La beauté selon Maillol au musée d’Orsay

Avec plus de 200 œuvres dont 90 sculptures, l’exposition « Aristide Maillol (1861-1944). La quête de l’harmonie », présentée jusqu’au 21 août au musée d’Orsay à Paris, donne à voir non seulement le parcours de l’artiste marqué à ses débuts par Gauguin et le symbolisme, mais aussi la variété des techniques abordées au début de sa carrière, de la broderie à la céramique. À ceux qui trouvent la sculpture ennuyeuse et qui n’aiment pas les femmes « enveloppées », cette remarquable rétrospective apporte une double bonne nouvelle.

Un coloriste raffiné

Tout d’abord, Aristide Maillol a été peintre, créateur de broderies, céramiste, graveur, avant de s’affirmer dans la voie royale de la sculpture monumentale. Loin d’être une froide galerie de statues, l’exposition est donc riche de couleurs et de textures diverses. Et comme il était proche des Nabis, on verra aussi des tableaux de ses amis Vuillard, Bonnard ou Denis. Et puis l’artiste n’a pas seulement représenté ces « grosses dames » que son amie Misia Natanson détestait. Certaines œuvres l’attestent, tels L’Air et le Monument à Cézanne, femmes longilignes aux formes fuselées, comme suspendues entre ciel et terre…

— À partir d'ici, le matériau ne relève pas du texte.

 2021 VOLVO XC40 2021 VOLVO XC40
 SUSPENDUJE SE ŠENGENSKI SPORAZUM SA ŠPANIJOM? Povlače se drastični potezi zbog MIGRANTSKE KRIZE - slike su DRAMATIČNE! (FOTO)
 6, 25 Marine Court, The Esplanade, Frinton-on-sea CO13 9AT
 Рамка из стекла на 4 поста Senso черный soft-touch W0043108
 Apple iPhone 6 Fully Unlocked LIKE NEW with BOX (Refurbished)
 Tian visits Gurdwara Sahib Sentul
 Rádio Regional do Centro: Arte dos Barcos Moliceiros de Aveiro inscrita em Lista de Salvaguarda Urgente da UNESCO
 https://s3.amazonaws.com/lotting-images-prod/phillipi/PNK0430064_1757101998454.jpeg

Vue in situ de l’exposition « Aristide Maillol (1861-1944). La quête de l’harmonie », © Sophie Crepy

Admirateur de Puvis de Chavannes et de Gauguin, Maillol peintre est un coloriste raffiné mais un peu évanescent. Les arts décoratifs, auxquels une salle est consacrée, lui offrent un champ d’expression plus savoureux : fontaine genre « vieux Rouen » surmontée d’une baigneuse replète, bas-reliefs primitifs taillés dans des rondins de poirier (l’un d’eux conserve l’écorce de l’arbre), cartons et broderies imprégnés de rêverie symboliste se répondent. D’un étonnant tableau, une baigneuse de trois-quarts dos, sans visage (La Vague, vers 1894), naît une série d’œuvres, dessins, broderie, et finalement un bas-relief.

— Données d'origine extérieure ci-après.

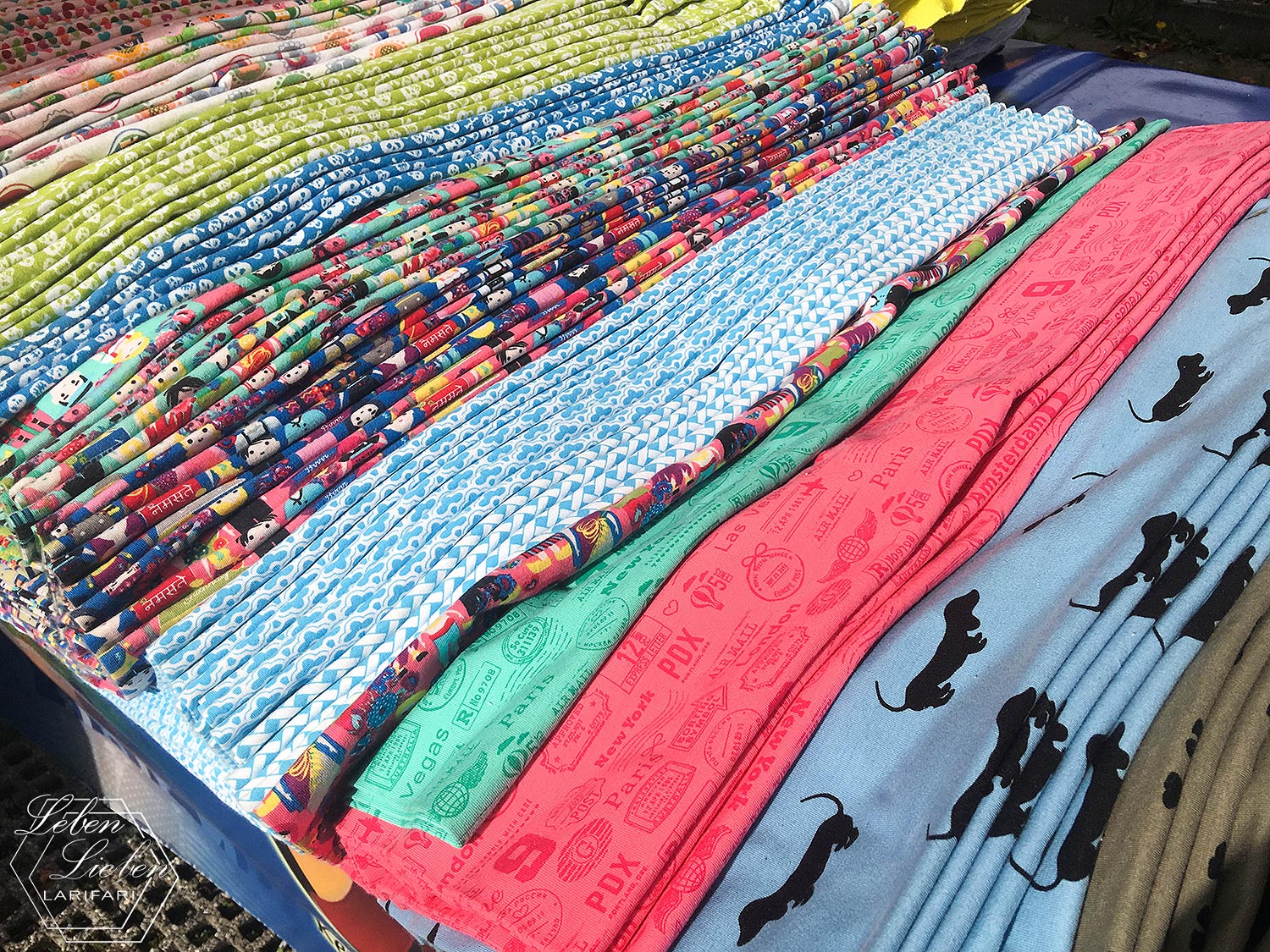 #WIB – Stoffauswahl auf dem Stoffmarkt #WIB - Stoffauswahl auf dem Stoffmarkt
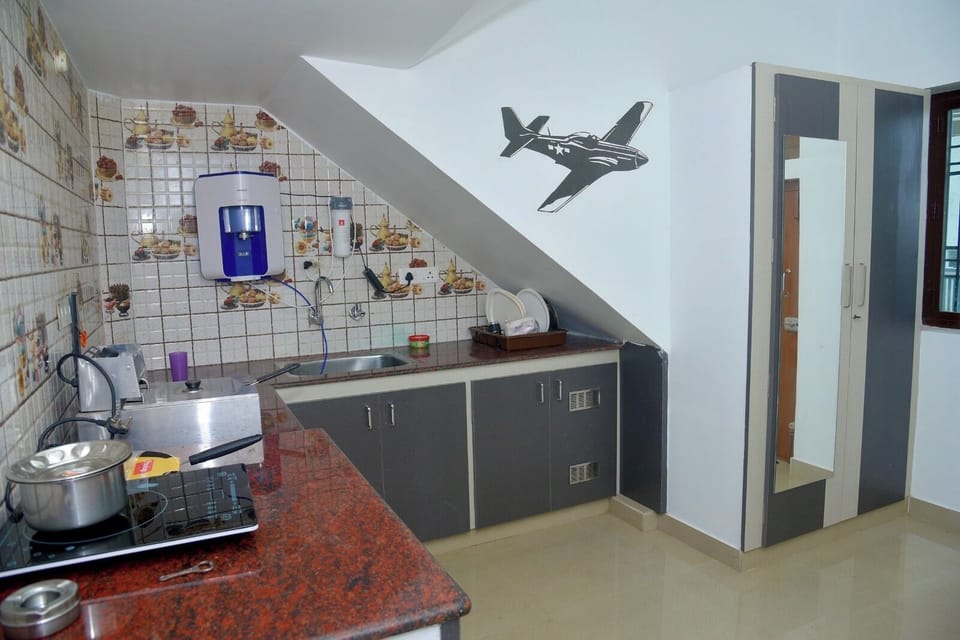 Presidential Room, City View | Private kitchen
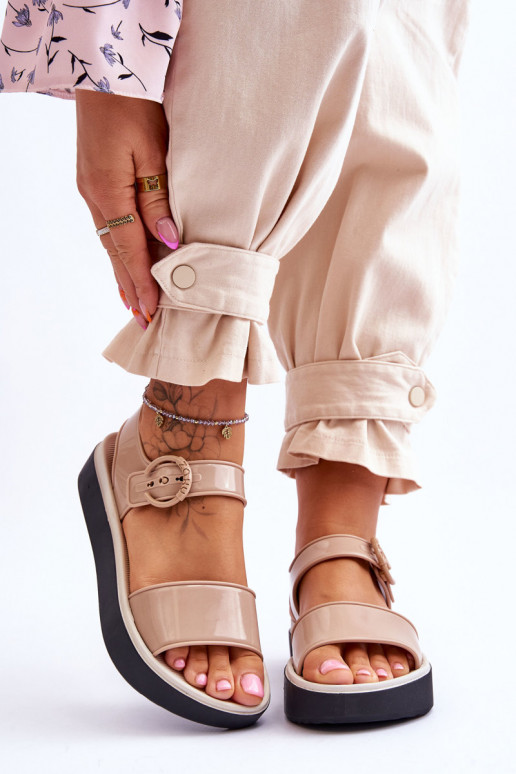 Sandales smilšu krāsas-melnas krāsas Sandales smilšu krāsas-melnas krāsas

Vue de l’exposition « Aristide Maillol (1861-1944). La quête de l’harmonie » au musée d’Orsay © Sophie Crepy

Naissance d’un sculpteur

À travers cette belle séquence, on assiste à la naissance de Maillol sculpteur monumental. La réunion des deux versions, marbre et pierre, du premier chef-d’œuvre, « Méditerranée » (1905 et 1923-27) montre que bien avant la Première guerre mondiale, l’artiste a l’étoffe des plus grands. Il a donné corps à son idéal de beauté, un idéal proche de celui du dernier Renoir. Il l’a même épousé ! Car Clotilde Narcis, la jolie brodeuse de Banyuls devenue Mme Maillol, fut d’abord son modèle. « Je relève les jupes de ma femme et je trouve un bloc de marbre », disait-il plaisamment. Méditerranée, c’est elle !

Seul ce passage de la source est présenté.